He suggested those making such suggestions were extremists, and it could result in job losses of up to 50 per cent.
He and Jones were the boys from down on the farm, they really loved their cheese.
NZ First's policy was crystal clear: it was double double cheese cheese burger burger please.
Shaw simply responded with the word "science" and emphasised a suggestion did not amount to forced veganism.
He dismissed Jones' outbursts as electioneering and predicted that as election day neared "there will be a lot more nonsense that people spout as well".
By "people" he meant Shane Jones. In this Shaw spoke the truth.
There were plenty of bigger issues to be tackling.

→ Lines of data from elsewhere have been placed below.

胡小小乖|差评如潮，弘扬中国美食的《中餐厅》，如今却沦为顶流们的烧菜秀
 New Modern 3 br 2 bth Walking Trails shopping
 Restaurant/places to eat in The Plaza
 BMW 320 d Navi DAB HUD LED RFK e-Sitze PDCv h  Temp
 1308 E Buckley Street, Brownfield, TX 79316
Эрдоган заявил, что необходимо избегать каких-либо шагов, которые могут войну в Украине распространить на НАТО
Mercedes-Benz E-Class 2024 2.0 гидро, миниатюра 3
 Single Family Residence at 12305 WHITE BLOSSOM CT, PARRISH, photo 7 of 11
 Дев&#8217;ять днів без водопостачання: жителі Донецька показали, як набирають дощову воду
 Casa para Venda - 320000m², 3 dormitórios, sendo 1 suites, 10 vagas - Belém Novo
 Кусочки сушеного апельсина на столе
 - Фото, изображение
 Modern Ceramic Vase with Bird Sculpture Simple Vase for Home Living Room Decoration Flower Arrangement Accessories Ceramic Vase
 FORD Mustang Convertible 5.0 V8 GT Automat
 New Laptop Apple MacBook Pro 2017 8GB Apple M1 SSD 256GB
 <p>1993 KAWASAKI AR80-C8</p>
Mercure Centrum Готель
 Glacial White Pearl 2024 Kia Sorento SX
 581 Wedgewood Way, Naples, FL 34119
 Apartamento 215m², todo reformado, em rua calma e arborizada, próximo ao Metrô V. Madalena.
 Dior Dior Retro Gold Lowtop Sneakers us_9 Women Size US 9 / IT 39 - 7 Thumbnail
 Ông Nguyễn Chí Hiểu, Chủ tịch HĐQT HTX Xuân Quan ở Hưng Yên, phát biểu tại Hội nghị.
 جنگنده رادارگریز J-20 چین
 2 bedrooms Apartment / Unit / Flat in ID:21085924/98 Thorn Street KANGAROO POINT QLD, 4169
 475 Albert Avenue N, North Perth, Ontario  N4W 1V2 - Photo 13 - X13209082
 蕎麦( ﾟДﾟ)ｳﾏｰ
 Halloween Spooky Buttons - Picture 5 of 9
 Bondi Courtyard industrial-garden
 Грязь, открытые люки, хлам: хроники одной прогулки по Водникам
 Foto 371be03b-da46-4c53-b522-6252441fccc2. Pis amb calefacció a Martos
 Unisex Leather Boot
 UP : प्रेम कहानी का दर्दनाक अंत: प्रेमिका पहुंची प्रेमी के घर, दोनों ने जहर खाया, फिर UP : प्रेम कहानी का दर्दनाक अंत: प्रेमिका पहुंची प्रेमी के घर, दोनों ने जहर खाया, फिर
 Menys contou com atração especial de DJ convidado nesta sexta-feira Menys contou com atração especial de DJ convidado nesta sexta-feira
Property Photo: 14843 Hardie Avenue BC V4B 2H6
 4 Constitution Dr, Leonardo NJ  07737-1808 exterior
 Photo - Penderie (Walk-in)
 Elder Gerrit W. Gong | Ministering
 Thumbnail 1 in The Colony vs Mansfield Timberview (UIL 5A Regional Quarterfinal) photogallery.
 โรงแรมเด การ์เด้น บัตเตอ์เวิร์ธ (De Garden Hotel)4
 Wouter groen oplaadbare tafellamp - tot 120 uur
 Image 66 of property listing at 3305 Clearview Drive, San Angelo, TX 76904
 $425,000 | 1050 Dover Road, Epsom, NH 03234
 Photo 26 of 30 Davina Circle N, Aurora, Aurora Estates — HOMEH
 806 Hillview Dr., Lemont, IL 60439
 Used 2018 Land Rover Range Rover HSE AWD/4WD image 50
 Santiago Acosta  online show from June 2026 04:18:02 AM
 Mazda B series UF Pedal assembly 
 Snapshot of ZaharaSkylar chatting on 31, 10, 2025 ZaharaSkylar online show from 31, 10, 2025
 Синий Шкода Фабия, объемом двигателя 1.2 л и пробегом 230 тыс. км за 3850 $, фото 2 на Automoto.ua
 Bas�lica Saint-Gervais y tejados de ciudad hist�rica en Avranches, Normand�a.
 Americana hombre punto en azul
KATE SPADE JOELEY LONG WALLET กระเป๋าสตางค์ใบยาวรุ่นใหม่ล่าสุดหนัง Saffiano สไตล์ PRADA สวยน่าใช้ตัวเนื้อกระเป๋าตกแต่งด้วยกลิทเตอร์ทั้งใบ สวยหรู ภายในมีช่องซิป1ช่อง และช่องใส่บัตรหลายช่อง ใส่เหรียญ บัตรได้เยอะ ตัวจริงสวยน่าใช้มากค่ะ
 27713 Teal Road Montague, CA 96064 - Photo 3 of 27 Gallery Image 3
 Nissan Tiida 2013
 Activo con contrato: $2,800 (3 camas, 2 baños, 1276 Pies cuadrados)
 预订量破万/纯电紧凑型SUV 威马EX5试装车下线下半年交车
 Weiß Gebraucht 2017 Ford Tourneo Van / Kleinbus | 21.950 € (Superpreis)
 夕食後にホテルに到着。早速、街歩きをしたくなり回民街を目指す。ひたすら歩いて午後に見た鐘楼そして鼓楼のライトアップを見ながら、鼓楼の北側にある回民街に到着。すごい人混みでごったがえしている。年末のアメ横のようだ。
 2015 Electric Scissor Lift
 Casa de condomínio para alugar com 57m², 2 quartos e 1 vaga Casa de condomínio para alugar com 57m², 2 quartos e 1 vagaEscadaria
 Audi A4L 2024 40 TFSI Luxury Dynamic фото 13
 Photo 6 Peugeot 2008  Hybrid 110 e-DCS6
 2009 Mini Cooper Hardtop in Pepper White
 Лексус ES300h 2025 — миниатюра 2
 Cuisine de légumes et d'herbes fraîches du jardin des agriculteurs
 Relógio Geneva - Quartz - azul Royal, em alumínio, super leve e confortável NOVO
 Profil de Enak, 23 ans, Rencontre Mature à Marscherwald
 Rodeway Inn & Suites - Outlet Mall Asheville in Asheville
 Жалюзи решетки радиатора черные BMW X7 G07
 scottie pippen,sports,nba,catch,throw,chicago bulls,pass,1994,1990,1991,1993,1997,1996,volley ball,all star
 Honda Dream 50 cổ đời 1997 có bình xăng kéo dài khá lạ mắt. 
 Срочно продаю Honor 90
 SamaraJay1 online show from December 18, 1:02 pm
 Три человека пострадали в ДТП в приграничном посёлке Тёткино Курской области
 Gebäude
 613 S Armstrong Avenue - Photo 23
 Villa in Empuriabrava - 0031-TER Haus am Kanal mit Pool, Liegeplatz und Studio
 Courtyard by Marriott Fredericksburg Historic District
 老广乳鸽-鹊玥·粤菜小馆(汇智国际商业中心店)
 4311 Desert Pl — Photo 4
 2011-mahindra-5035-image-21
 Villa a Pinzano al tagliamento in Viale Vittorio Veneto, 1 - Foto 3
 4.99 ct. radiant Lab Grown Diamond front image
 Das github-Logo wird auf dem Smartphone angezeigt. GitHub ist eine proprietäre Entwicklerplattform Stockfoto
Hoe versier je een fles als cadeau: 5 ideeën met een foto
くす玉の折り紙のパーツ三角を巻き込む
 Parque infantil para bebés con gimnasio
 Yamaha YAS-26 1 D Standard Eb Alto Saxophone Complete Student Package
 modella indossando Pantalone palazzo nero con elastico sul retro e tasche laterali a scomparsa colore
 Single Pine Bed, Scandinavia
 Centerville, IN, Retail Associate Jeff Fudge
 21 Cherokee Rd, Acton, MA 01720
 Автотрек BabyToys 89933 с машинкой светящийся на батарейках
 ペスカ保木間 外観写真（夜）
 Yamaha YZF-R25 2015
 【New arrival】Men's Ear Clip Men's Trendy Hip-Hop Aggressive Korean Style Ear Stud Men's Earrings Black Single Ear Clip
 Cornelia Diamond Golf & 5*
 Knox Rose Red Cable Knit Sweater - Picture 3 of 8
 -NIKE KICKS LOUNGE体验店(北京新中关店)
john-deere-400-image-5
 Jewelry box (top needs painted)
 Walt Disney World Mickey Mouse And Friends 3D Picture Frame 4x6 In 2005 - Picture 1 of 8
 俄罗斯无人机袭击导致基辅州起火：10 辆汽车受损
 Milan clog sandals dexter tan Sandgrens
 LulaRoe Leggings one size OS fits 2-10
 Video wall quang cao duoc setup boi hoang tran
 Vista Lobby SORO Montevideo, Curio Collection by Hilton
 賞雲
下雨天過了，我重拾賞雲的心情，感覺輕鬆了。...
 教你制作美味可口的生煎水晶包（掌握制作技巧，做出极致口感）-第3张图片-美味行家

But Jones' ballistic missiles of "nonsense" were far more targeted than it might have seemed.
In his former life as a minister in Helen Clark's Labour government, Jones was charged with considering restrictions on shower head flow and light bulb wattage.
The backlash gave him an allergy to anything that might be considered "nanny state".
He also realised you could get votes out of crying foul over it.
So when he saw something from the government he is a part of that could be taken as an attempt to guilt trip people into giving up the Sunday roast, he was quick to bring it to people's attention by decrying it.
He was not speaking to the urban liberals whose votes were long lost to him. He was speaking to those who liked New Zealand the way it once was.
It was simply Jones picking up Peters' baton of defending a time past when "smoko" breaks meant just that and dinner was called tea, and tea consisted of meat and three veg, or veg and three meat as Jones would prefer.
It did at least provide a change in diet from rolling updates about Meghan and Harry – who becomes the second man in history to be known as "the artist formerly known as Prince".
Like Jones, British families have proved excellent at filling the news void in New Zealand with their antics.
The conscious un-royalling has been to this summer what the infamous British Unruly Tourists were to last summer.
Those tourists ended up being deported.
Few were sad to see them go.
The same could not be said of Harry, who proved popular on his visits to New Zealand. He was funny, and good fun.
At one of his very last public engagements – conducting the draw for the Rugby League World Cup – he did it again.
Moving up the reception line, he was introduced to the Kiwi Ferns captain Honey Hireme.
He leaned in with no hesitation for a hongi.
It seemed completely spontaneous – Hireme later said it had taken her by surprise.
He and Prince William reinvigorated a relationship between monarchy and far-flung subject that had become stale at least, and potentially revolutionary.
That perhaps was Harry's greatest value to the Queen in her efforts to shore up the Commonwealth beyond her own reign.
His walk-out has prompted republicans in New Zealand and Australia to point out that if Harry can so easily leave the monarchy for a new, independent life, why can't the former colonies?
Many will not begrudge his decision. But some of us will be a tad sad about the decreased likelihood of future visits by Harry.